(567g) Tuning CO2 Binding in Metal-Organic Framework Materials through Control over Metal Identity and Oxidation State

Despite the fact that CO₂ adsorption from point sources and ambient air are critical separations applications that have attracted the discovery and development of a range of proficient adsorbent materials, a clear understanding of atomic-level features that determine the strength of CO₂ binding still remains unclear. Metal–organic framework materials (MOFs) are endowed with multinuclear nodes that carry metals in highly well-defined coordination environments, and provide an opportunity to clearly elucidate the relationship between specific aspects of metal coordination environment and sorbate binding characteristics. In this work, we study CO₂ adsorption onto oxo-bridged trimers on MIL-100 to show that metal oxidation identity and oxidation state can be used to systematically tune CO₂ binding strength.

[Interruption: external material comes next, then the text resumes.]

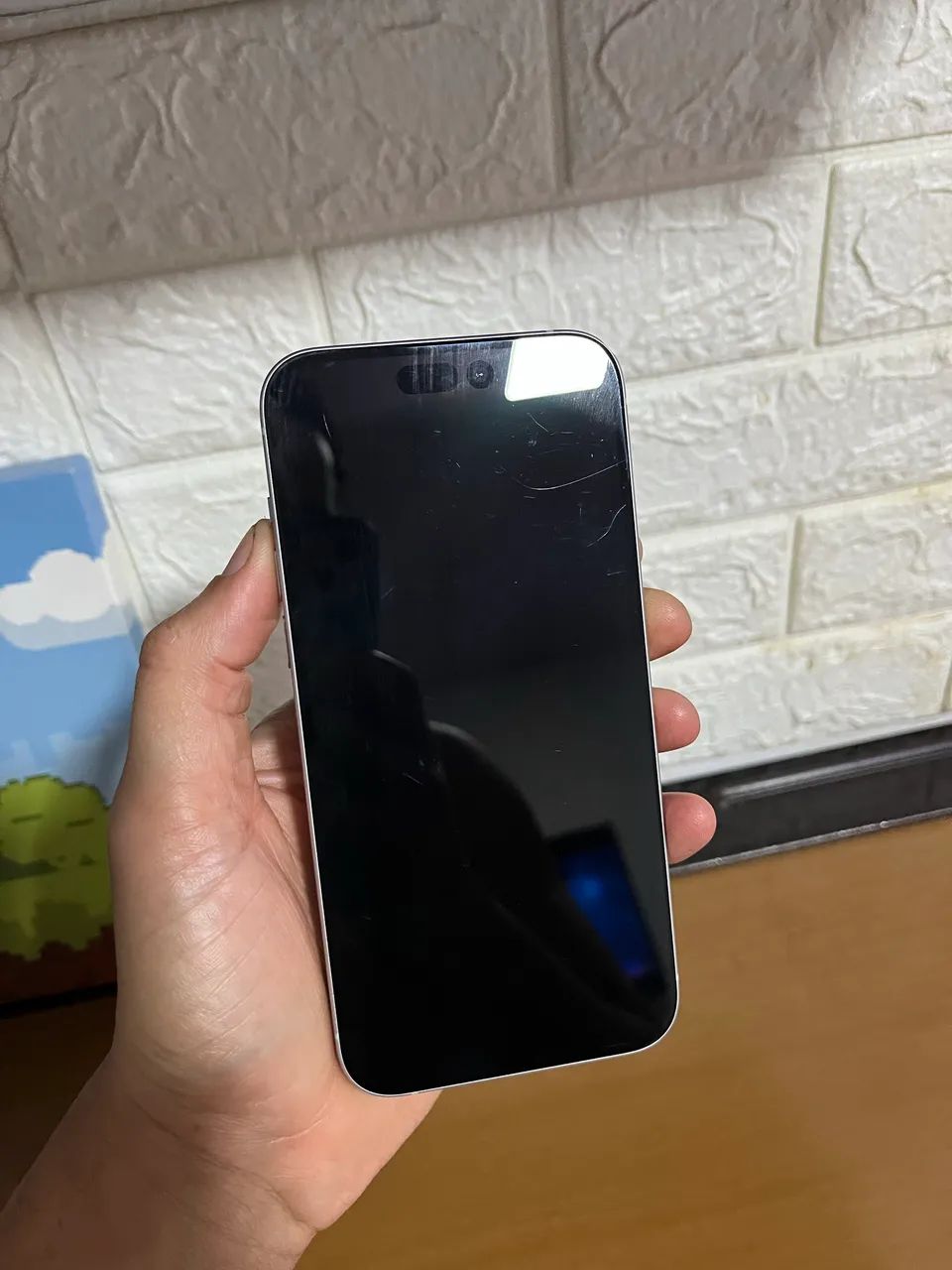 iPhone 15 Plus /128 - Foto 5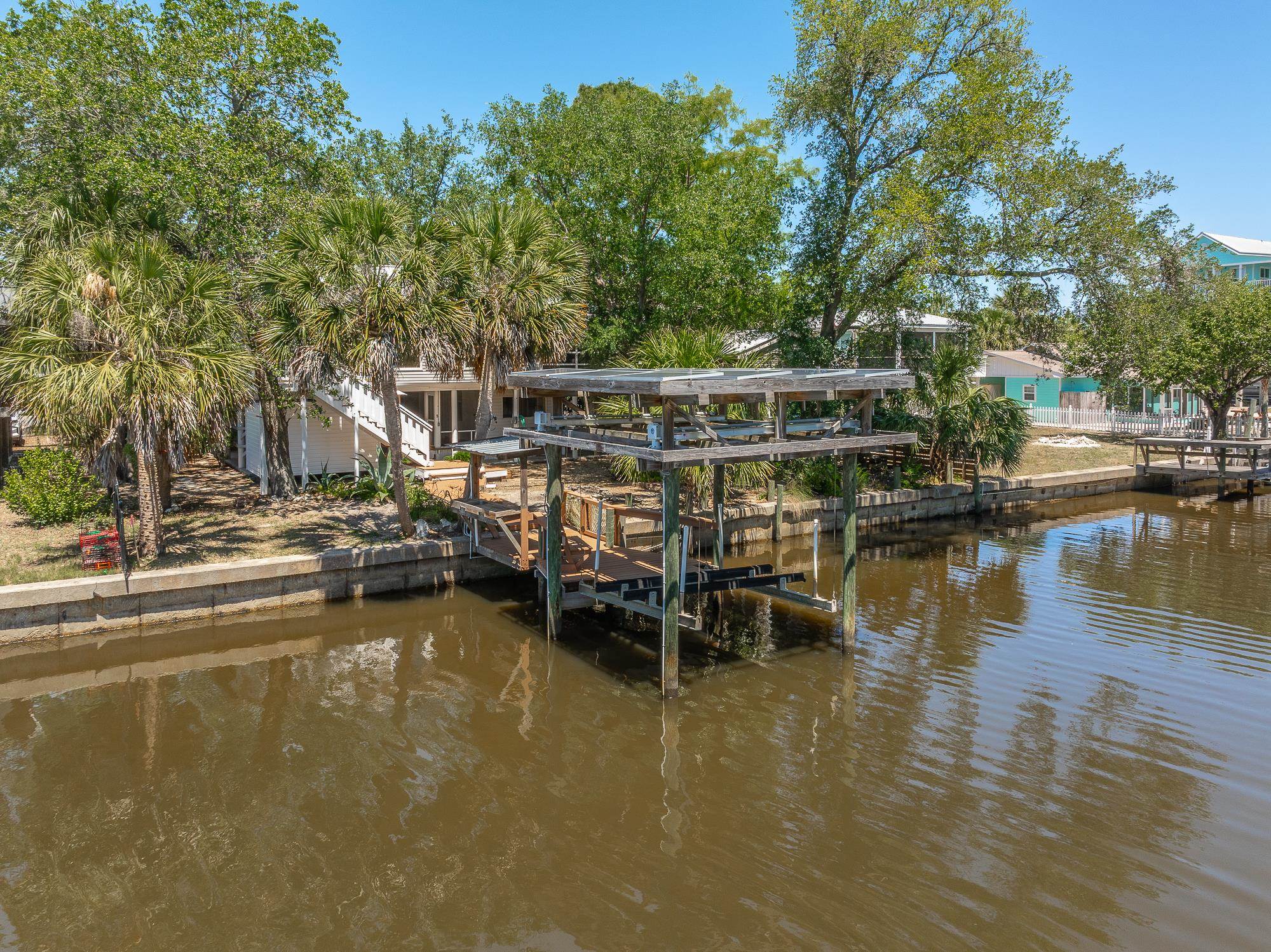 35 Sunrise Lane, Panacea, Florida image 40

Five isostructural MIL-100(M) materials were synthesized (M = Cr, Fe, Al, Sc, Mn) and procedures for accessing M²⁺ and M³⁺ sites were developed. All MIL-100(M) variants exhibited selective binding onto M²⁺ sites compared to M³⁺ sites, and the relative binding strengths onto reduced metal sites were found to be dependent on metal identity. The higher relative CO₂ binding strength of specific metals such as chromium were rationalized based on nuclear screening effects and distortion of the octahedral coordination environment through the Jahn-Teller effect, and further supported using Density Functional Theory calculations. Our study uses a prototypical metal-organic framework material to clearly and rigorously elucidate relationships between atomic level structure and CO₂ binding characteristics that can be used more broadly in CO₂ sorbent design.